ユースケースがどうのと書いているのは、現在のHTML5が単純ルビ [2] 相当の機能しか持ち合わせていないことにあります。
HTML5のルビは、XHTML 1.1に盛り込まれたRuby Annotation仕様を取り込んだものではなく、IEの実装を参考に新たに定義されたものです。ですから、Ruby Annotationで定義されている複雑ルビ [3] は定義されていません(実装もありません)。また、Ruby Annotationに存在する rb 要素はHTML5では non-conforming [4] となっています。
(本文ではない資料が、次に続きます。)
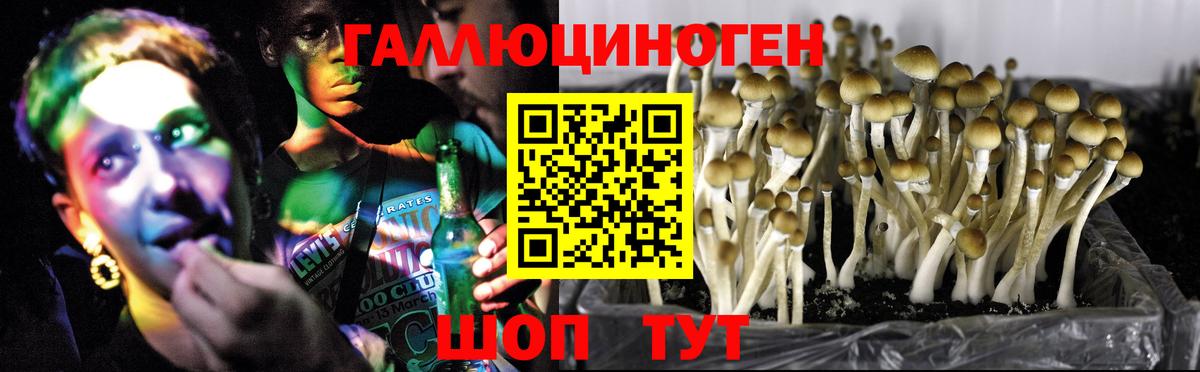 Псилоцибиновые грибы Psilocybe Рузаевка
[2] http://www.doraneko.org/webauth/ruby/20010531/#simple-parenthesis
[3] http://www.doraneko.org/webauth/ruby/20010531/#complex
[4] http://dev.w3.org/html5/spec/obsolete.html#non-conforming-features

こういった違いもあるので、複雑ルビや rb についてユースケースがないか、また仕様の追加/修正を提案するメリットがあるかなど、さまざまな点から議論したいと考えています。


2. 入力モード (inputmode)

HTML5ではフォーム機能が拡張されていますが、入力モード(ひらがなや英数、カタカナの)については仕組みが存在していません。フォーム機能がまだWeb
Forms 2.0という別の仕様だったときには、XFormsより inputmode
という属性が取り込まれていたのですが、現在のHTML5には存在しません。-wap-input-format というWAP
CSSのプロパティがあるからという理由でしたが、これを実装するデスクトップブラウザがあるかどうかは分かりません。

XHTML Basic 1.1にも inputmode 属性が持ち込まれていますが [5]、こちらも同様に実装があるかどうかは不明です。

[5] http://www.w3.org/TR/xhtml-basic/#s_inputmode

というわけで、以下のことができないか考えています。
* 入力モードを指定する機能が便利と思われるユースケースを考える
* ユースケースの文書化を行う
* inputmode属性の定義を簡略化し、HTML5に提案する

(最後については、少し欲を出してみました。)


3. Web Sockets API (プロトコル含む)

http://dev.w3.org/html5/websockets/
http://tools.ietf.org/html/draft-hixie-thewebsocketprotocol

日本語に関係するということで、ルビとinputmodeをとりあげましたが、APIについても議論したいです。ということで、Web
Socketsはどうかなと考えています。

実装状況ですが、Google Chromeのdev版でテストすることができます。また、Firefoxのtrunk(開発者版)でも、今後数ヶ月以内に実装される可能性があることから、今のうちから見始めておくのも悪くないと考えています。

具体的に始まってきたこのIG、盛り上がっていきそうですね。